Fortenberry sought judicial review in Dallas County district court. He asserted that venue was proper in Dallas because he was a resident of Dallas County at the time of his injury. The insurer, however, filed a motion to transfer venue, arguing that Fortenberry was a resident of Mississippi at the time of his injury and that venue in Travis County, where Great Divide had a representative, was proper. Because Great Divide objected to Plaintiff’s choice of venue, Fortenberry had the burden to present prima facie proof that venue could be maintained in Dallas County. His proof consisted of an affidavit claiming an address in Irving, which turned out to be a Residence Inn that the Cowboys used to temporarily house players without residences in the local area. The court of appeals found that this affidavit did not qualify as prima facie proof “because it is unsupported by facts showing that he maintained that residence in Dallas County on the date of his injury in California.” Fortenberry further “failed to present prima facie proof to satisfy the residency requirements for venue purposes,” which require “(1) a fixed place of abode within the possession of the party, (2) occupied or intended to be occupied consistently over a substantial period of time, and (3) which is permanent rather than temporary” (citations omitted). In fact, Fortenberry produced no evidence of when or for how long he actually stayed at the hotel, which in any event could not constitute a “fixed abode.”

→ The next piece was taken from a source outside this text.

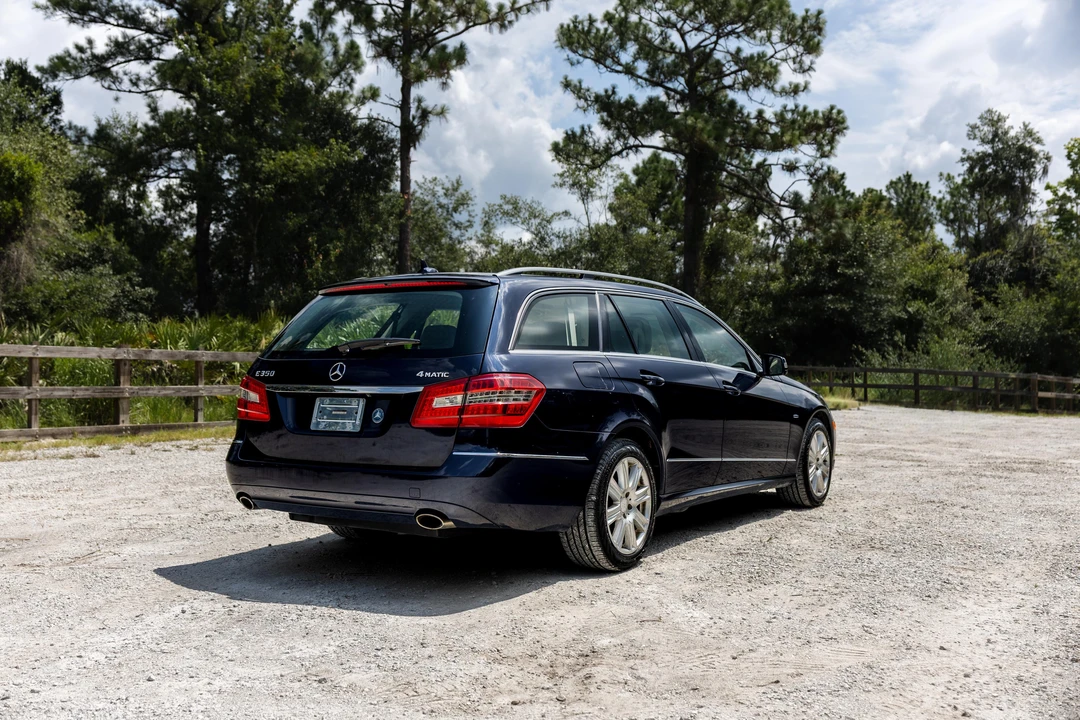 2012 Mercedes-Benz W212 E-Class - Image 20 of 31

Fortenberry argued alternatively that his contract with the Cowboys specified Dallas County required the dispute to be adjudicated there and that Great Divide had a principal office in Irving. The court didn’t go for either of these arguments, as Great Divide’s Irving office did not contain any corporate decision-makers, just agents and representatives. By the same token, however, Great Divide could not establish venue in Travis County just because it designated a law firm in Austin as its statutorily required representative to the DWC. Because the law firm only served as Great Divide’s agent for notice and filing workers’ compensation-related documents with the agency, it did not meet the test for a principal office. The court concluded that since neither party could establish proper venue, it had to send the case back to the trial court for further proceedings on the venue issue. For that reason, the court did not reach Great Divide’s other issues, which challenged the jury’s findings, the sufficiency of the evidence, the damages, and the trial court’s evidentiary rulings.

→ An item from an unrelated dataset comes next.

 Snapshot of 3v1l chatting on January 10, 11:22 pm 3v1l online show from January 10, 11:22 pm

SCOTX reversed. In an opinion by Justice Huddle, the court reached back to a 1951 decision in Snyder v. Pitts, 241 S.w.2d 136 (Tex. 1951) for a three-prong test for determining “residence” for purposes of venue: “(1) a fixed place of abode within the possession of the defendant (2) occupied or intended to be occupied consistently over a substantial period of time (3) which is permanent rather than temporary.” As Justice Huddle observed, the cases cited in Snyder“reflect particular flexibility in establishing residency for venue purposes when a party is in the process of moving from one county to another.” The court of appeals, however, based its conclusion “on a too-rigid reading of Snyder coupled with a failure to credit evidence of facts existing at the time of Fortenberry’s injury that supports the trial court’s venue determination.” Not only might a hotel serve as one’s residence, the resident need not be physically present at the hotel at the time of the injury, as Fortenberry demonstrated in this case. Other evidence adduced by Fortenberry further indicated that he intended to reside in Dallas for an indefinite period of time while playing for the Cowboys. Finally, since Great Divide had itself stipulated during trial and at the contested case hearing that Fortenberry resided within 75 miles of its Dallas field office, the company couldn’t very well change its tune later. The court sent the case back to the trial court for consideration of Great Divide’s challenges to the DWC’s findings.

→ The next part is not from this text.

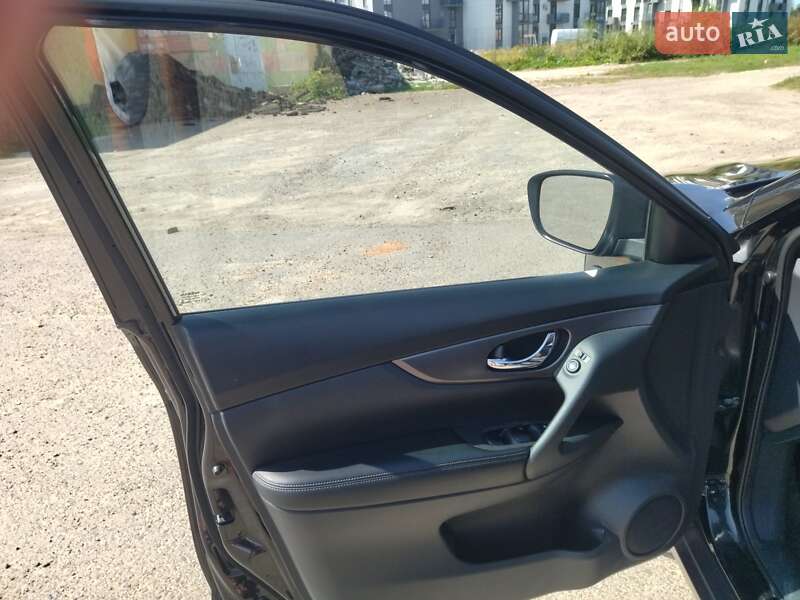 Позашляховик / Кросовер Nissan Rogue 2016 в Львові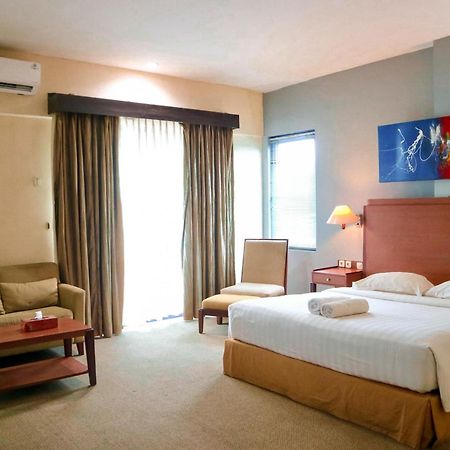 Hotel Mariat Sorong Exterior foto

This case reaffirms that Snyder is alive and well and that the meaning of “residence” for venue purposes is entirely fact-dependent and contextual. In an era in which people don’t stay in one place very long, a flexible rule is all the more necessary. As the court’s decision demonstrates, judicial efficiency demands that venue determinations should not become a regular feature of either pretrial gamesmanship or post-trial gotchas.